Those of us old enough will recall what it is like to live in a world threatened by nuclear war. Until the collapse of the Berlin Wall in 1989, there were periods of heightened concern that we would all be blown to smithereens, or die a horrible death in a nuclear winter. Since the early 1990s, aside from worries that Iran, or Pakistan, might be developing a nuclear capability, we have had little to worry about.

That was the case until last week, when tensions between the Democratic People’s Republic of Korea and the USA heightened after accelerated progress was made by the DPRK with their ballistic missile programme. Not quite on the scale of the Cuban Missile Crisis, the fact that North Korea has both nuclear capability and long range ballistic missile capability means that they cannot be too far away from successfully marrying the two, threatening the west coast of America, and a wide range of countries in between.
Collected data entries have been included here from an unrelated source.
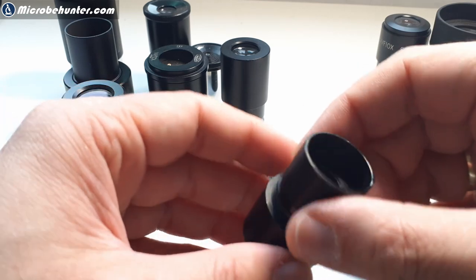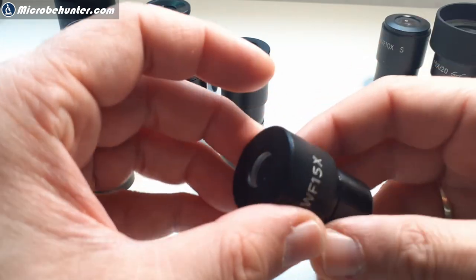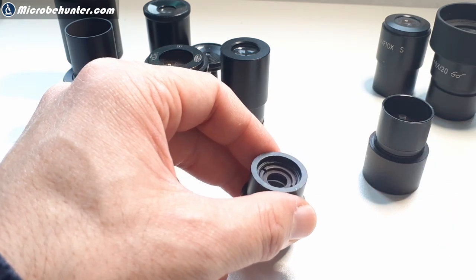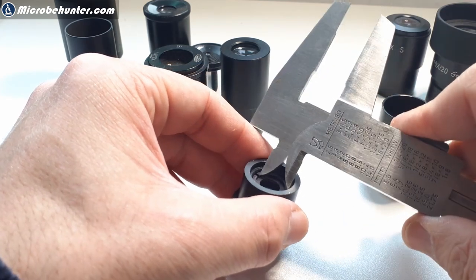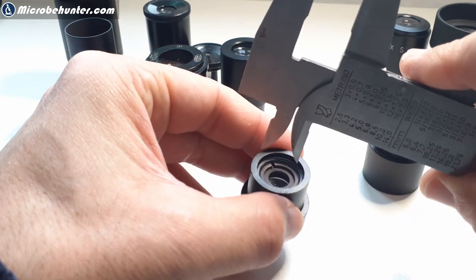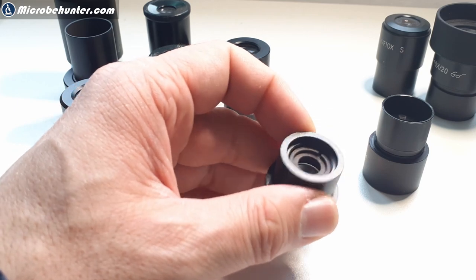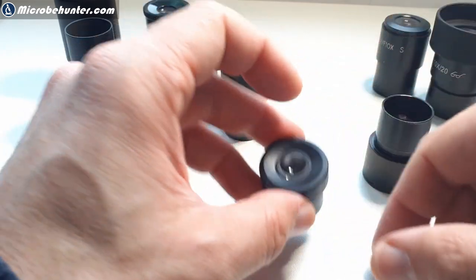To remove the individual lenses you need a special tool. I'm going to illustrate this using a caliper - you insert it right on the side into those little notches and then rotate to open it up. I won't actually do this because I don't want to damage or scratch the eyepieces, and there shouldn't really be a reason to open it anyway because in most cases there should be no dirt inside - this one is closed completely.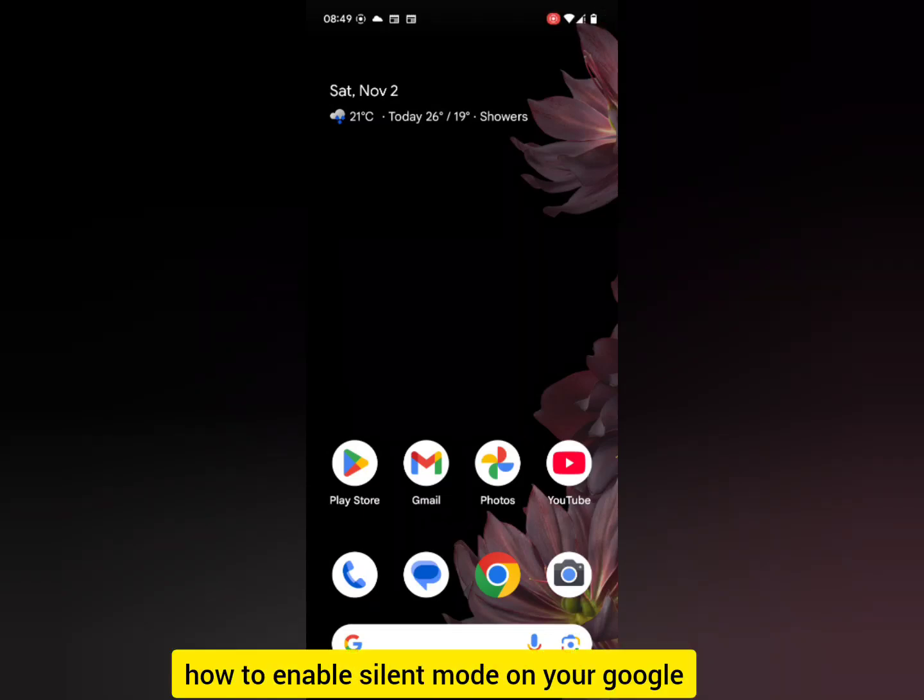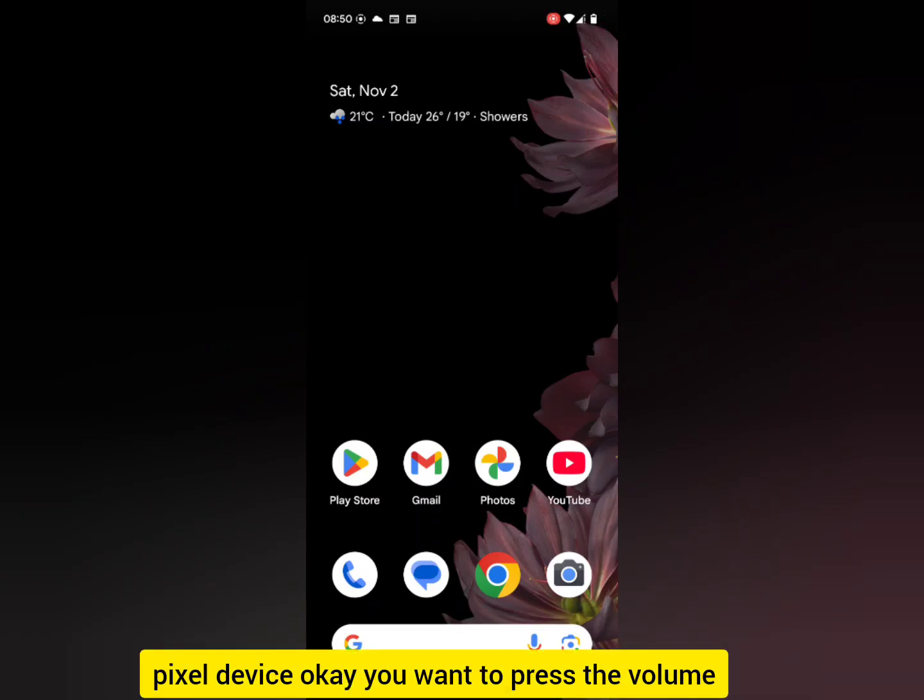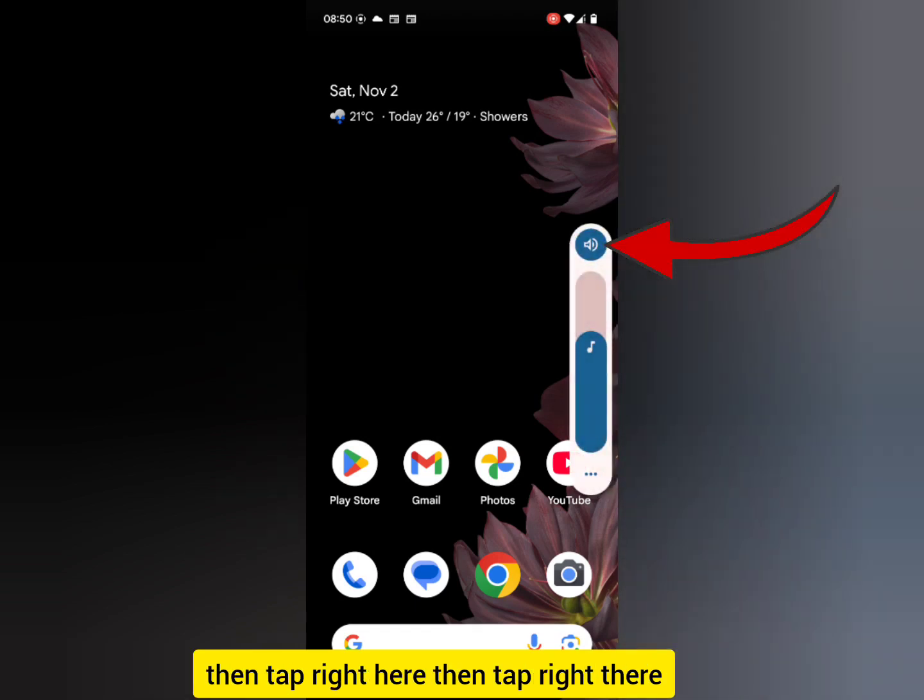Let me show you how to enable silent mode on your Google Pixel device. Press the volume increase button on your phone to bring up the display, then tap right here, then tap right there.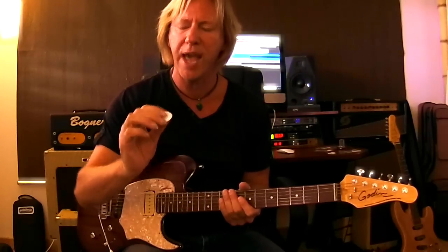Hey guys, Robbie Calvo here talking to you today about Chicken Picks. I've been using these picks for a while for a variety of reasons. I like a really heavy pick, and when I say heavy, I mean the width of it — and this is 2.2 millimeters.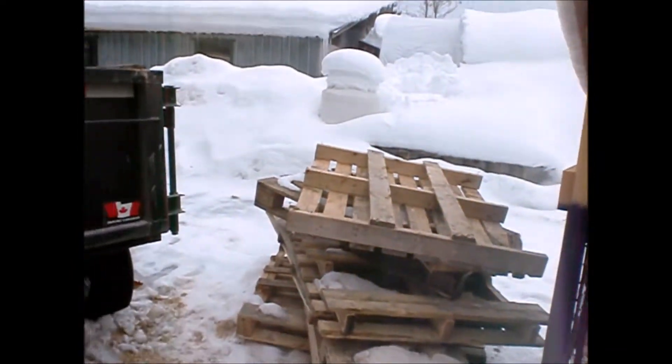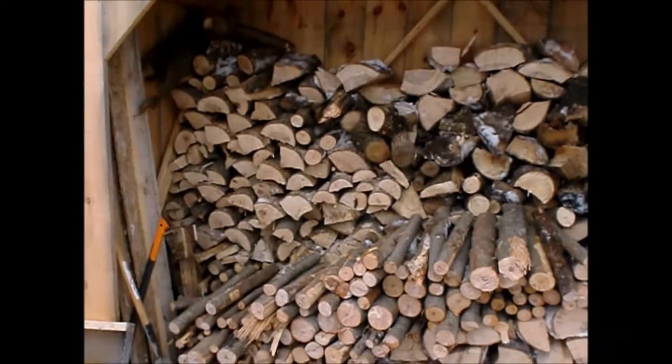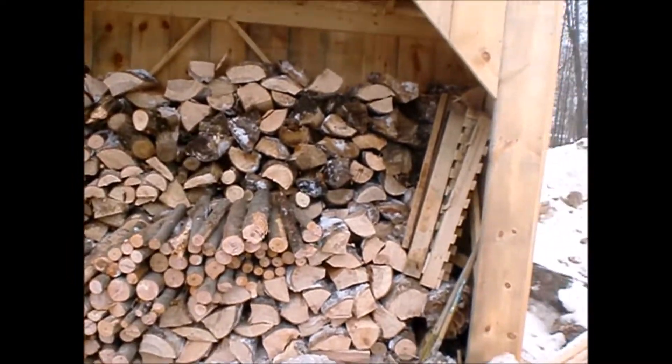Well, that was quite the little workout! I got this all filled up. I'll do the skids next week — I've got lots more of this coming. And here we are, enough wood here for the week.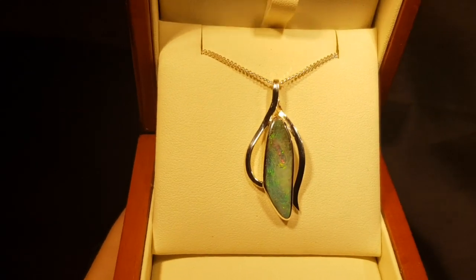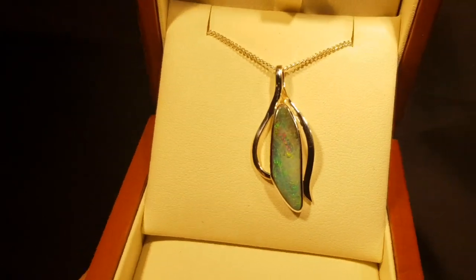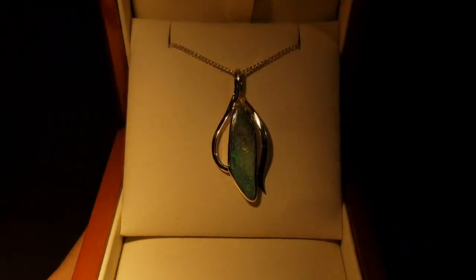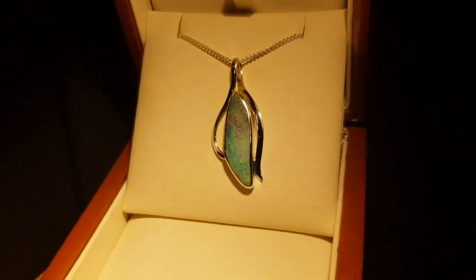Look at that red in the middle, it's like a little pool of red amongst all the other green. I'll just show you this opal in low light. So even in the low light the color still holds up really really well.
I was told the news about Donald Trump’s promise to unleash “fire and fury” against North Korea by the British Ambassador to South Korea as I arrived in Seoul for a trade mission. It sure concentrates the mind when watching CNN report on US early warning systems in the pacific when you are just 35 miles from the demilitarized zone dividing the north and south. As it turned out, the citizens of South Korea are rather sanguine about the situation. As one pointed out to me, they have been in range of DPRK artillery for 60 years. At any practical level, not much has changed for them.

I agree with Jeremy Corbyn, a long-standing campaigner against nuclear weapons, that a world free of these horrific weapons of mass destruction is one to aim for. The Nuclear Non-Proliferation treaty, of which we are a signatory, seeks to stop more weapons being created, if not actually reduce the number. The problem is, as a species, humans have been engaged in an arms race ever since the first caveman picked up a rock and clubbed his neighbour over the head with it. Human history is a relentless progress of weaponry invention and it has never reversed. That is why I could never agree that a way forward for this country would be to unilaterally disarm. With ever increasing numbers of despots going nuclear, we must always protect ourselves from a threat.